Um dos poemas que leu em um evento, “A solidão da estrela guia”, fala sobre a sua avó, Dalva. Nele, conta mais sobre a vivência dessa mulher que ajudou a criá-la. “Falo sobre rotina de uma esposa que não trabalhava fora para poder cuidar dos filhos, de como havia distanciamento entre ela e o marido, e também como é essa solidão da mulher e como a sociedade naturalizava isso”, diz. Também fala de uma violência que, em sua visão, foi passada de geração em geração, desde que a avó de sua avó foi “pega no laço”. “Evidenciar isso é uma questão política. A gente, que é de zona periférica, que é descendente dessas pessoas, vê isso na nossa linhagem.”
Atualmente, também trabalha em uma produção audiovisual baseada em poemas que ela e um grupo de amigos fizeram, intitulada “A morada”. A ideia surgiu a partir do poema “Cozinha”, em que ela expressa como se sente em relação a esse cômodo da casa, principalmente no momento da pandemia – e tudo que ele representou para a sua vida. Foi a partir dessa ideia, então, que a produção passou a falar de diferentes cômodos. O vídeo será lançado em 20 de janeiro no seu canal do Youtube.
Mantendo suas raízes por onde for
Um dos maiores sonhos de Sophia é se tornar jornalista e ser correspondente. Mesmo querendo isso, não se prende ao que ainda não aconteceu, e deixa que as oportunidades surjam. A visão que tem hoje do que a sua vida pode ser foi moldada pelo seu entorno e, também, como a enxergavam em cada lugar. “O Retiro fica literalmente atrás da cidade. A única coisa que consigo ver ao redor é o morro Santo Antônio, e essa acaba sendo a visão que eu tive do mundo”. Tendo frequentado cursos de inglês em áreas nobres da cidade e cursinho em escola particular, enxerga que a vivência em lugares mais elitizados também contribuiu para a sua formação, mas não se esquece da onde veio.

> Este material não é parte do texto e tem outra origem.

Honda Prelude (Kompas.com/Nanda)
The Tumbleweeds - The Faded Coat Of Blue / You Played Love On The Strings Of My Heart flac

Para ela, essa perspectiva também traz vontade de mudança e de um posicionamento ativo. No seu bairro, por exemplo, não há como fazer shows e slams em praça pública, porque “não tem nenhuma”. As pessoas não se reúnem para eventos culturais com facilidade, como ela acredita que deveria ser. E foi por isso, também, já organizou eventos que levassem a poesia para as ruas do bairro, como o “Retiro tem poesia”, que teve apoio do edital da Lei Murilo Mendes, Cultura na/da quebrada. “É com essa visão que eu venho pro Centro, que eu faço as coisas, que eu me porto. Vou com uma vivência diferente, um olhar diferente, mas nunca inferior”, diz.